- _AVAILABLE DATA_
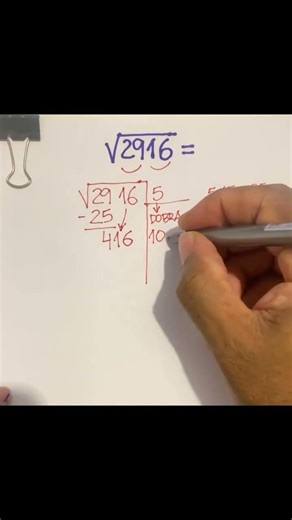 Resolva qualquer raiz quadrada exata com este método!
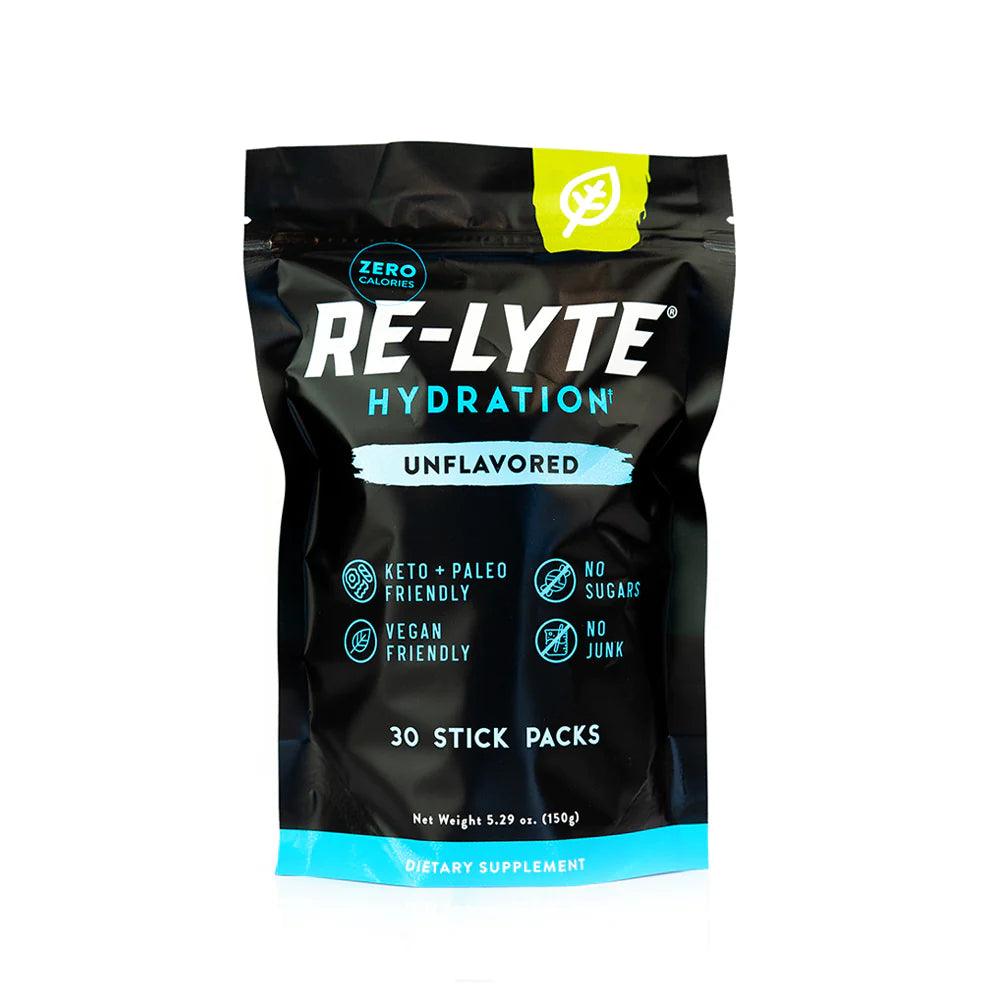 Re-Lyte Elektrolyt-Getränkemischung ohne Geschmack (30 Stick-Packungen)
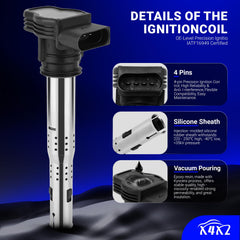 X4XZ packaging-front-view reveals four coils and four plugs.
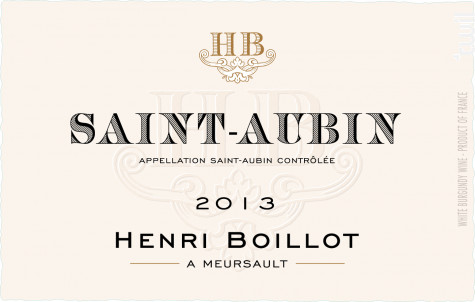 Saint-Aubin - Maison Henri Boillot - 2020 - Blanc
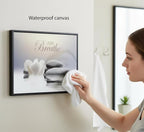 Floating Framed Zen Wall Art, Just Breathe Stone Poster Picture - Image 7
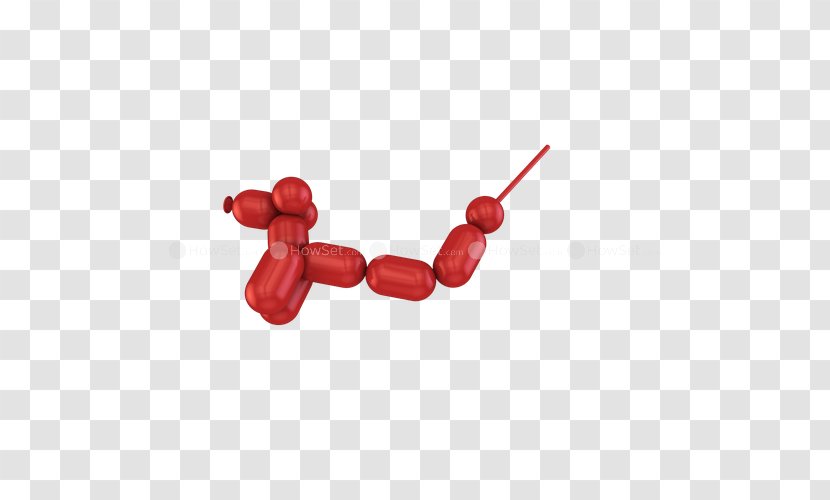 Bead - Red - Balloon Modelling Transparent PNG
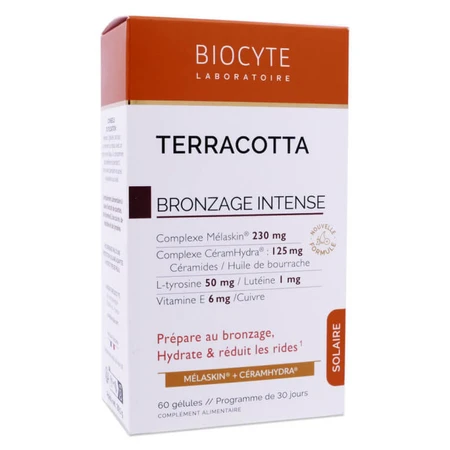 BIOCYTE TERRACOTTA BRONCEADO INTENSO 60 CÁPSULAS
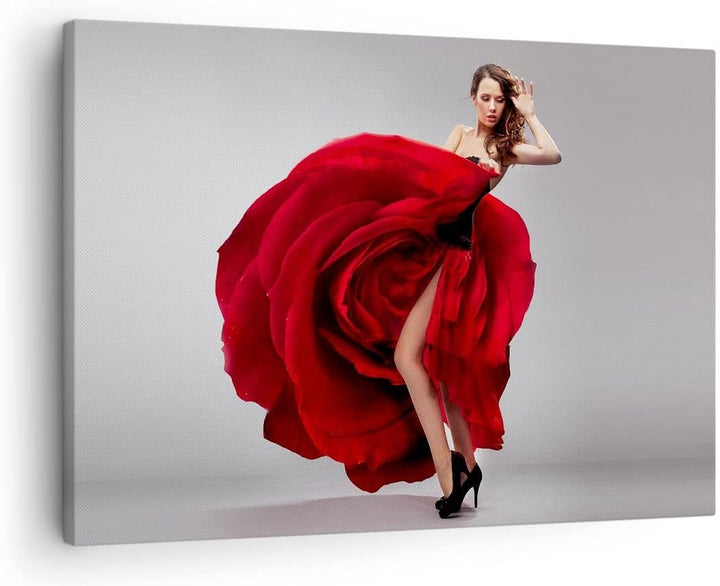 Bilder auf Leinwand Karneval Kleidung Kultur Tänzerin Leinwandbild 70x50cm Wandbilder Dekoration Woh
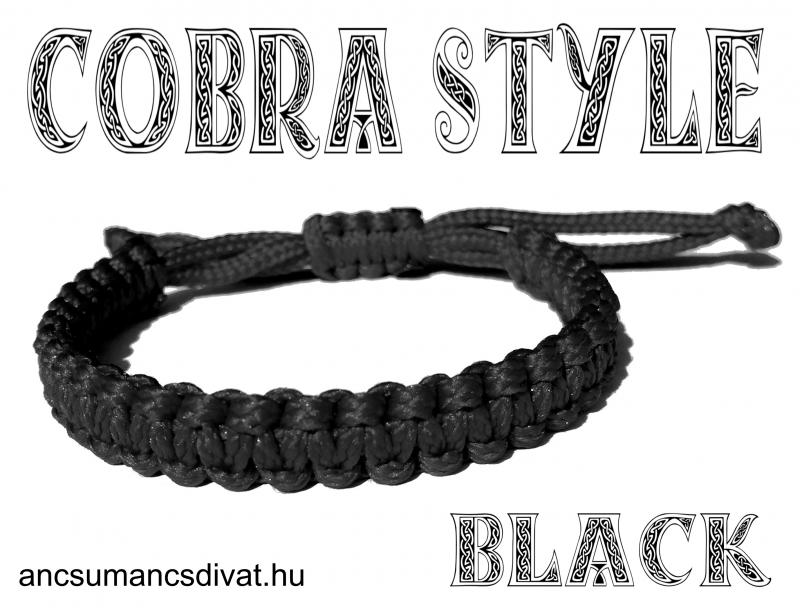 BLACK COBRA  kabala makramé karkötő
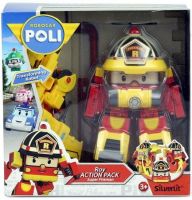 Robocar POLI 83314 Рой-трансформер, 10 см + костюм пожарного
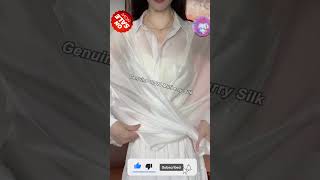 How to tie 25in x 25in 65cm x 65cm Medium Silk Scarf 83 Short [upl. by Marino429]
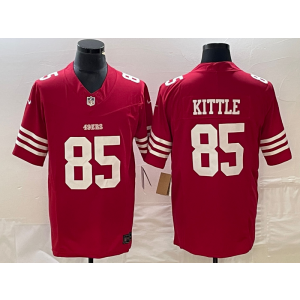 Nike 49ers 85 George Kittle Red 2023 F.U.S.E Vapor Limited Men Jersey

- _TASK DETAILS_
Your task is to set down exactly the lines that run from the line holding "Bead - Red - Balloon" through the close of the entries, including both ends. Pictures stay out.

- _RESULT OF THE TASK_
 Bead - Red - Balloon Modelling Transparent PNG
 BIOCYTE TERRACOTTA BRONCEADO INTENSO 60 CÁPSULAS
 Bilder auf Leinwand Karneval Kleidung Kultur Tänzerin Leinwandbild 70x50cm Wandbilder Dekoration Woh
 BLACK COBRA  kabala makramé karkötő
 Robocar POLI 83314 Рой-трансформер, 10 см + костюм пожарного
 How to tie 25in x 25in 65cm x 65cm Medium Silk Scarf 83 Short [upl. by Marino429]
 Nike 49ers 85 George Kittle Red 2023 F.U.S.E Vapor Limited Men Jersey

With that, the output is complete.